PROBLEM
Your answer should hold only the lines from the one containing "3 bedrooms, desk, iron/ironing" through the last line below, copied exactly; pictures stay out.

MATERIAL PROVIDED
[Start of section]
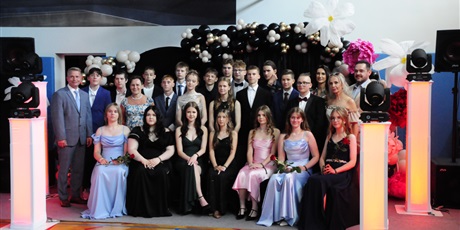 Powiększ grafikę: bal-osmoklasistow-702756.jpg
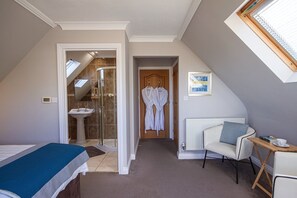 3 bedrooms, desk, iron/ironing board, travel cot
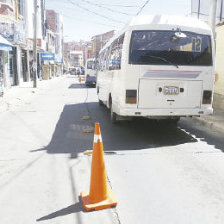 ORDEN. Los dos carrilles de la calle Pando permanecieron ayer transitables.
[End of section]
TASK ANSWER
 3 bedrooms, desk, iron/ironing board, travel cot
 ORDEN. Los dos carrilles de la calle Pando permanecieron ayer transitables.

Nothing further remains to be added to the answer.